15 May 2014     

The Job Grid

Every month Workday’s Integration Cloud Platform (ICP) executes millions of jobs for its hundreds of customers: integration runs, PDF document generations, Payroll calculations and other types of background processing tasks. A feature of the ICP is that it allows customers and their partners to deploy code to Workday, which Workday then runs on their behalf. To achieve this, Workday has deployed a Grid of servers that can be dynamically allocated to tenants based on real-time demand. The Grid provides a scalable, secure, and isolated execution environment for all tenants.

Grid

The Grid is a High Availability (HA) clustered application that manages multiple pools of compute resources (Slaves). Different pools have different properties, for example, the size of compute resources, reservation policies, and so on, allowing different styles of background jobs to be handled. Within each pool, the Grid manages:

  • Dynamic allocation of Slaves to tenants based on demand
  • Queuing and prioritization of jobs
  • Supervision of all Slave servers and the jobs they execute
  • Handling the state transitions for all jobs


Managing such jobs and compute resources is a complex concurrent and distributed processing problem. While scalability of processing is key, perhaps even more important is to have robust failure handling with clear recovery semantics. In large systems, failures will happen and the Grid must be able to deal with this. For these two reasons, we have chosen the Akka Actor toolkit to implement the management logic for the Grid.

Akka Actors

Akka Actors is a Scala-based implementation of the Actor Model.
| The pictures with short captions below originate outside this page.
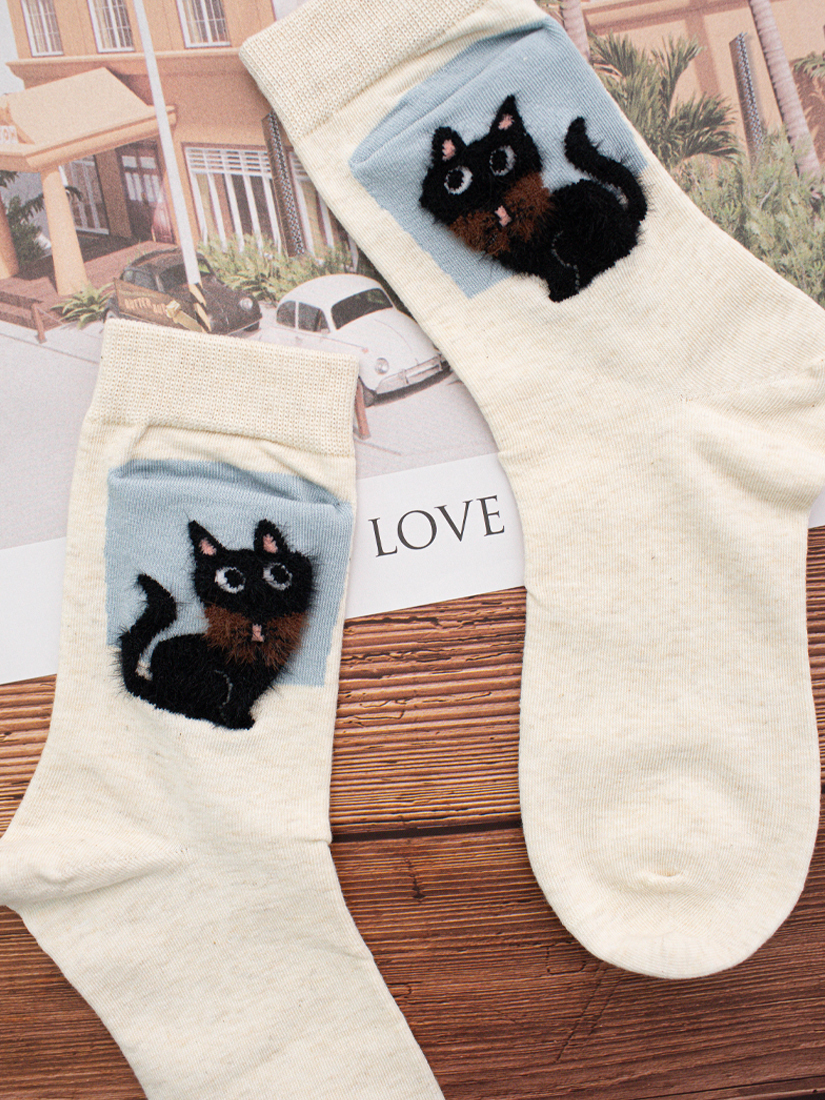 黑貓絨毛口袋中筒襪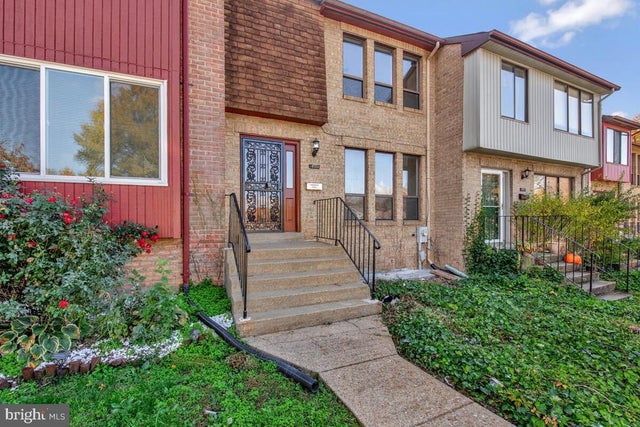 8739 Brae Brooke Dr, Lanham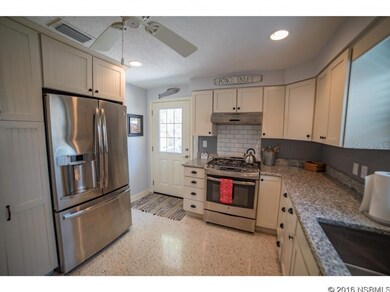 830 E 10th Ave, New Smyrna Beach, FL 32169 - photo 2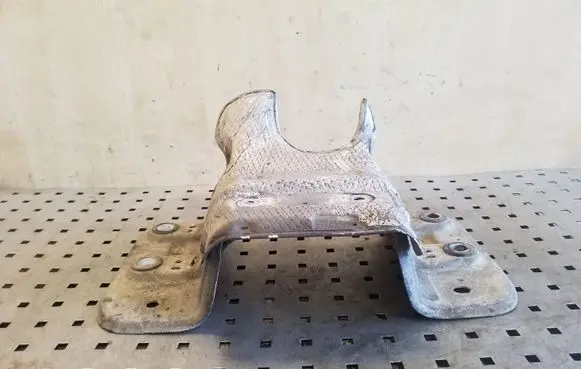 Volvo XC90 Exhaust heat shield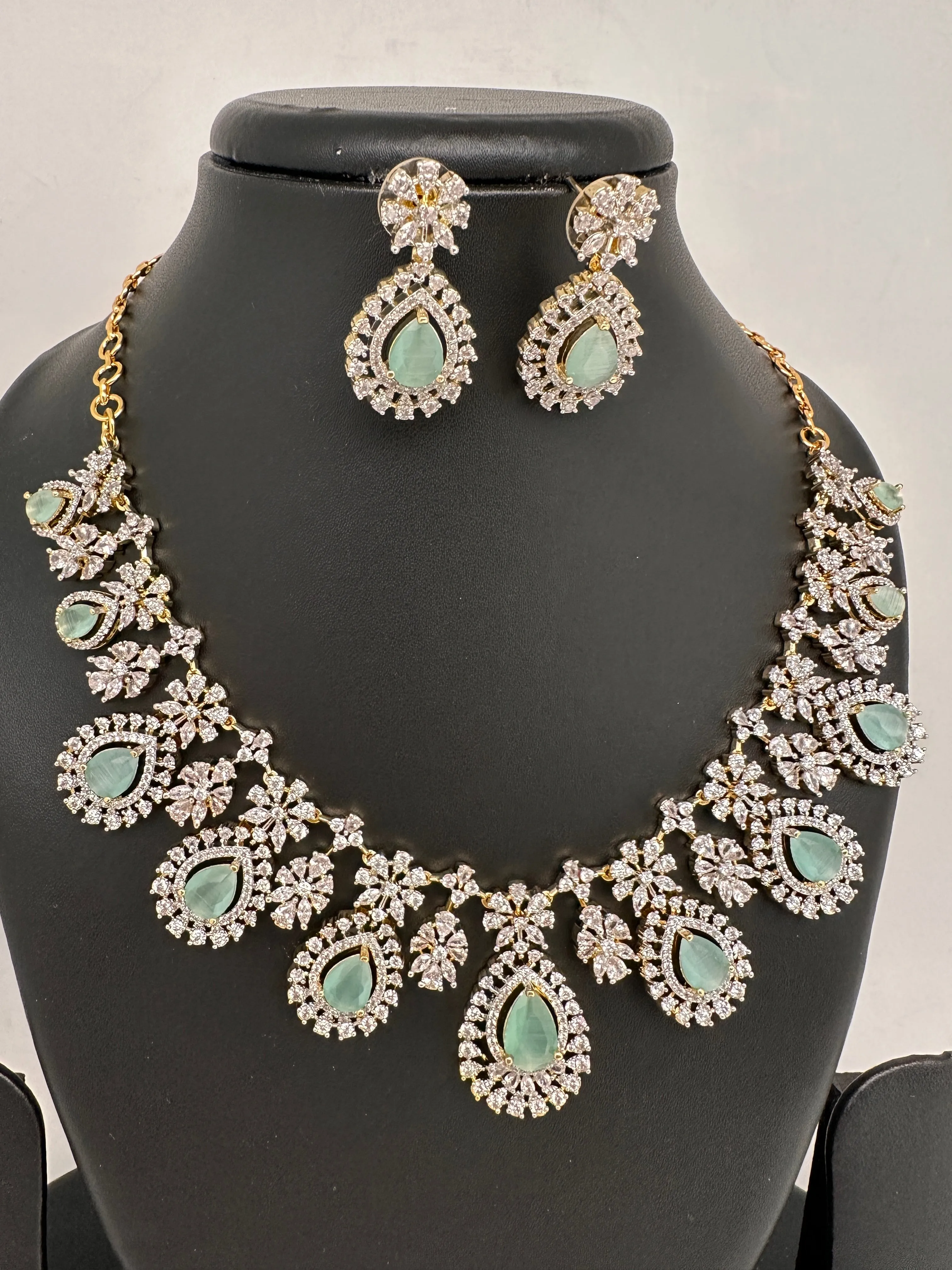 AD Color Stone Short Necklace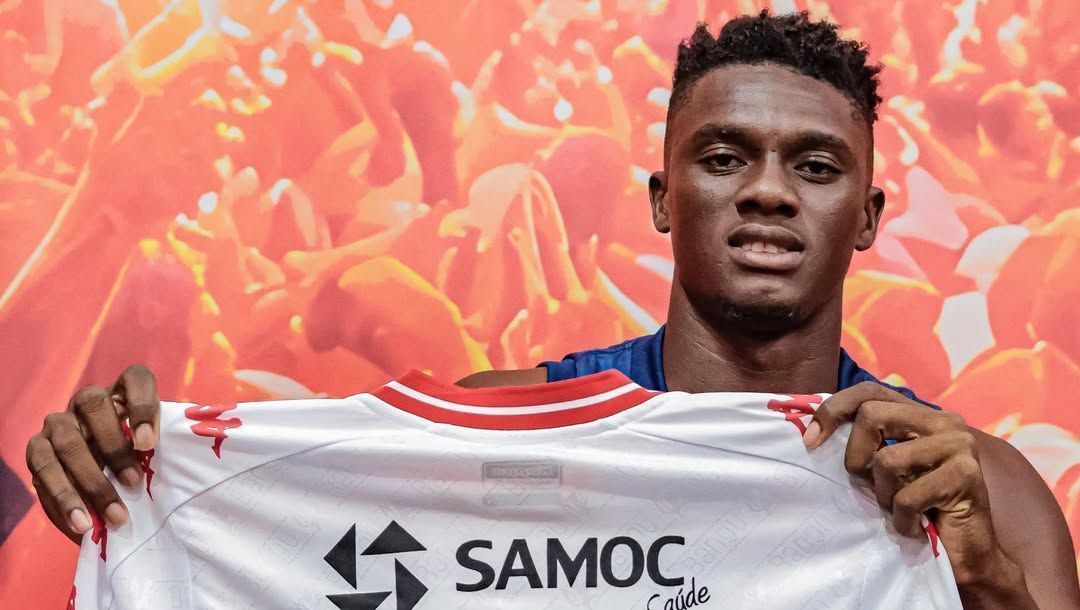 Haitiano Garrinsha com a camisa 7 do Bangu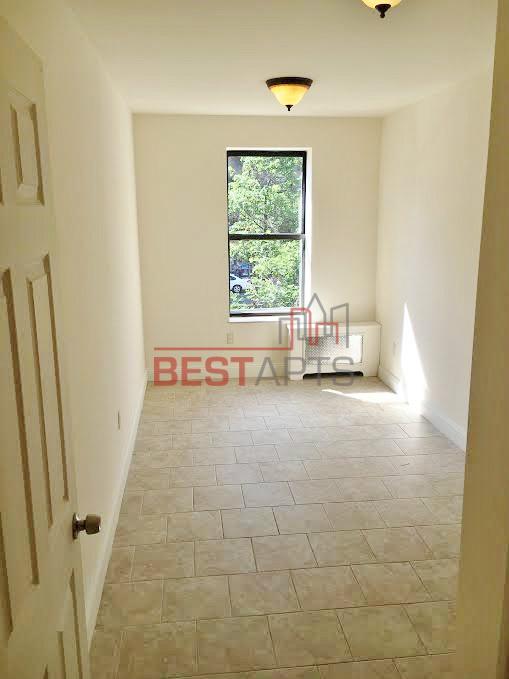 Building Photo - 556 W 140th St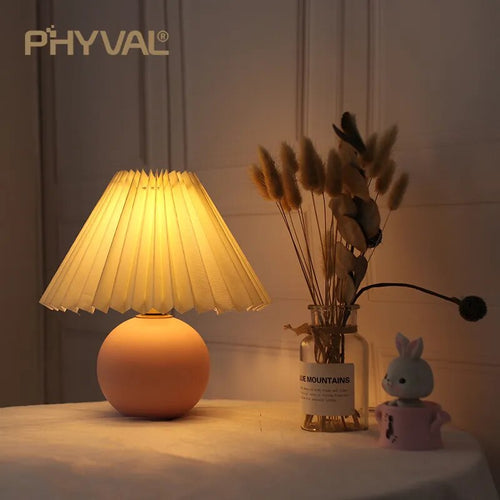 Lampe de table plissée coréenne - vue 3 sur 25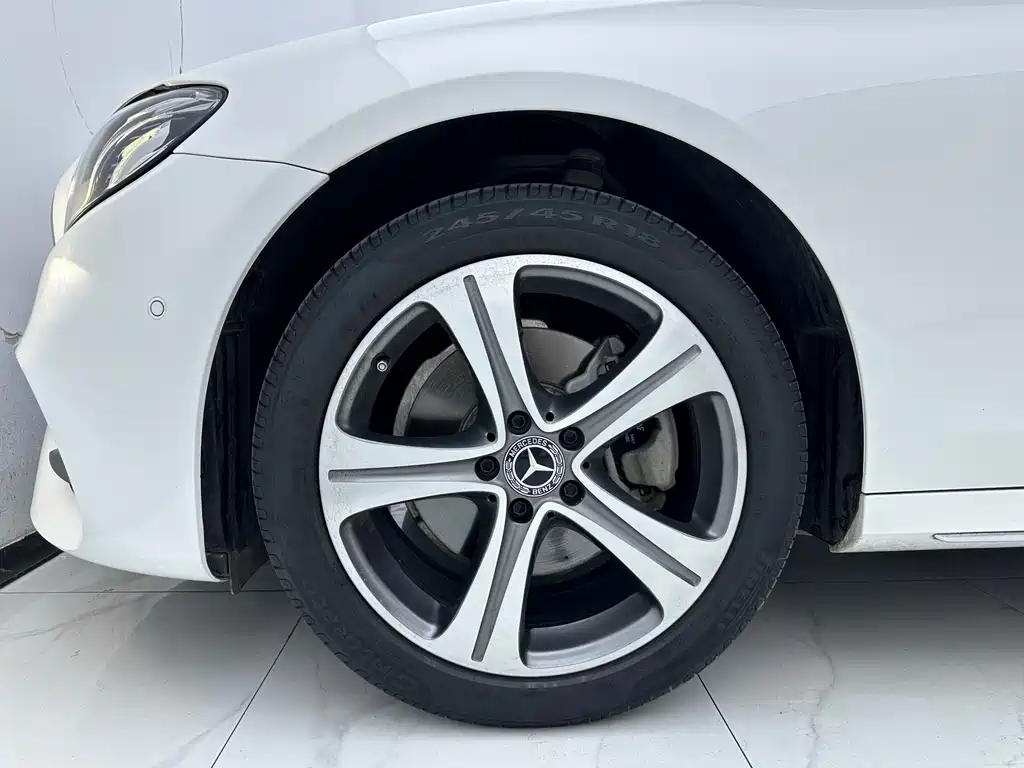 Mercedes-Benz E-Class 2018 — фото 7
The Actor Model was defined in the 1973 paper by Carl Hewitt and provides a higher level of abstraction for writing concurrent and distributed systems. Actors provide a framework for creating systems that implement a Share Nothing architecture and are built from the ground up to handle failures. Each actor is responsible for managing its own state and external actors only contact other actors using immutable message passing. Each actor supervises its children, and if the child experiences a failure, the parent handles the recovery of that child.

The Grid Actors

Actor Hierachy

In the Grid Actor hierarchy, each pool of Slaves is represented by a Pool Actor and each remote Slave is represented by a Slave Actor. In addition, a Slave Registry Actor is responsible for alerting the Grid of the existence of new compute resources.

Pool Actor The Grid supports different pool types for different jobs. Each pool type has one Pool Actor. This actor is responsible for:

  • Adding and removing Slave Actor children.
  • Enqueuing and dequeuing jobs. The pool supports a bounded in-memory queue of jobs to be run. This allows it to make very fast allocation decisions.
  • Allocating jobs to Slaves. The allocation logic is pluggable and is customized for each pool type.


Slave Actor A Slave Actor manages a remote compute Slave. It requests jobs from its Pool Actor parent. When it receives a job, it manages the submission of the job to the remote machine and starts monitoring it. Representing each remote compute resource and job as an actor, allows this processing to occur in parallel, but also helps deal with failure. If there is an error, the Pool Actor parent restarts the Slave Actor. On starting, the Slave Actor attempts to reconnect to the remote compute resource and determine its health and the health of any job it may have been running.

Lessons Learned

Here are some important lessons that we have learned when implementing actor systems:

  • Sweepers: Actor messaging is asynchronous and messages can be missed or received out of order. This is especially true in distributed systems. Consequently, it is important to regularly synchronize your actor’s state with a “source of truth”. In our case, the “source of truth” is the database and we use a sweeper pattern to ensure that the correct state is maintained for all our Jobs and Slaves.

  • Failure handling: Failure handling should not be an afterthought. It is central to how you approach your Actor hierarchy. When handling failures from external systems, to implement your recovery strategy appropriately, it is important to classify the failures. At a minimum, failures must be classified as recoverable versus unrecoverable and limits must be placed on the number of actor restarts in a given period.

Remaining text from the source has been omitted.